Conference Report: Bosnia in the Aftermath of the Dayton Agreement, 1995 – 2015: Making Peace or Rewarding War?

Bosnia event participants
Friday, February 19, 2016 - 15:00

On Friday 18 December 2015, the Maynooth Centre for European and Eurasian Studies held a one-day conference to mark the twentieth anniversary of the signing of the Dayton Agreement, which brought an end to the conflict in Bosnia.  The event looked at the contested legacies of the accords from a range of disciplinary perspectives – academic, journalistic and personal – by means of three panel discussions and two key-note addresses.  We are pleased to say that in spite of the event being held on the last day of term, it was extremely well attended, a testament both to the level of interest in the general theme of the conference as well in the ideas and work of the invited speakers. 

The event opened with a keynote address delivered by Professor Ivo Banac of Yale University and moderated by Dr John Paul Newman of Maynooth. Professor Banac gave a far-reaching talk that covered the current political and social problems in Bosnia and their long and short-term historical roots.  After this expert contextual introduction, we moved into the first panel, which was moderated by Dr Maria Falina of UCD held under the theme: ‘the Weight of History: Memory and Identity in Bosnia.’  Prof Siniša Malešević opened this panel session with a paper on the Bosnian Serb Military and the Legacies of the 1992-1995 war.  Dr Andrea Feldman of Zagreb University then moved on to deliver an assessment of Dayton through the lens of cultural re-appropriation and societal impact.  Dr Marko Attila Hoare closed the panel with a broader temporal view of its themes, through an analysis of the evolution of Bosnian identity in times of war and peace. 
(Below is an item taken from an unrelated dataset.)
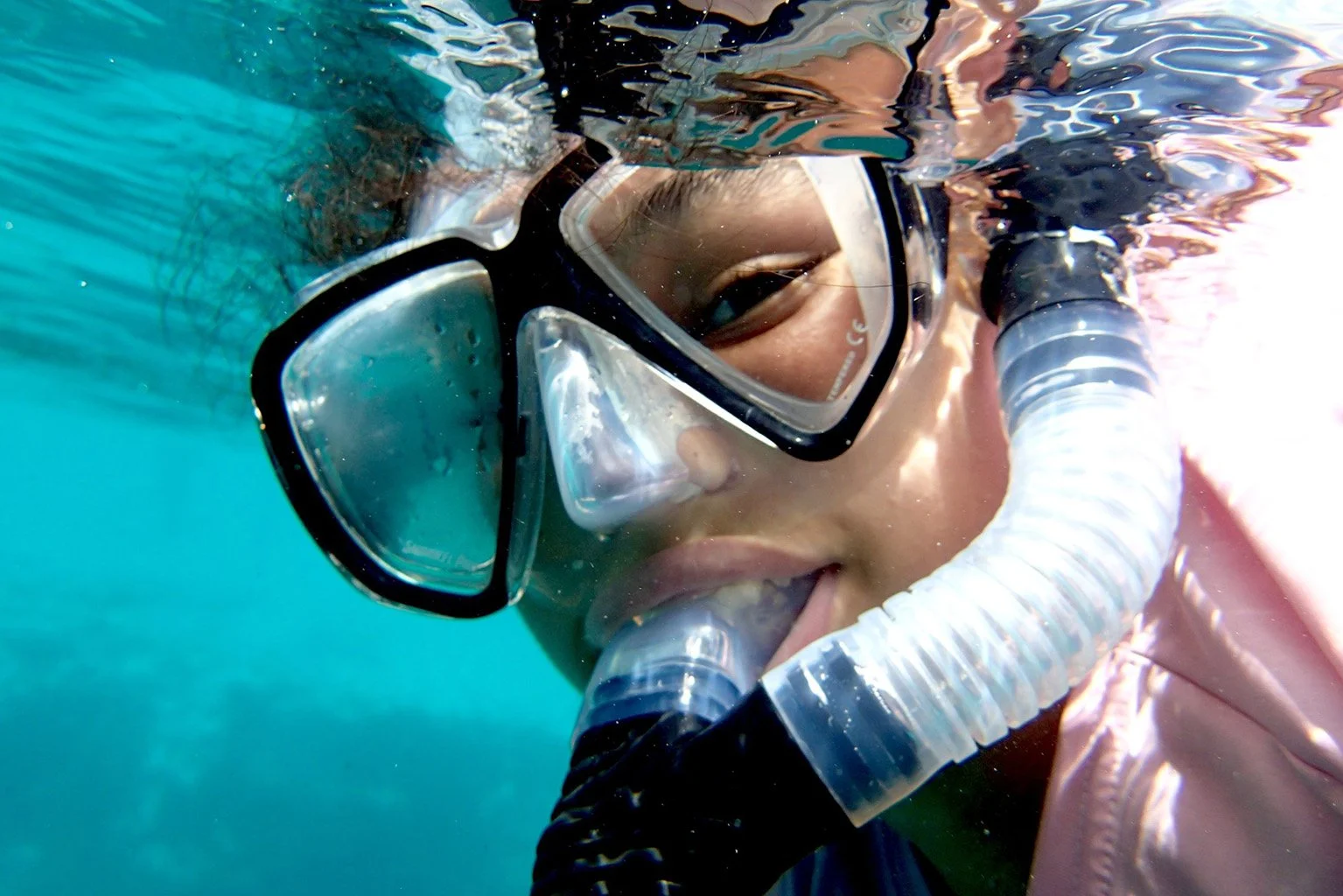 Close up of camper's face snorkeling in the spring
With the second panel – moderated by Dr Balazs Apor of TCD – we moved on from the issues of memory and identity to those of lived experience, through the theme: ‘the Human Legacies of Dayton.’ The first contribution was delivered by Dr Bronagh Ćatibušić and discussed the Bosnian community in Ireland within a post-Dayton Context.  This was followed by a personal account of experiences within the Bosnian community in Ireland delivered by Mr Mirza Ćatibušić, a native of Sarajevo who came to Ireland as a refugee from the conflict.  The final panel contribution was delivered by Ms Elmaja Bavčić, a feminist and activist with the Sarajevo Open Centre. 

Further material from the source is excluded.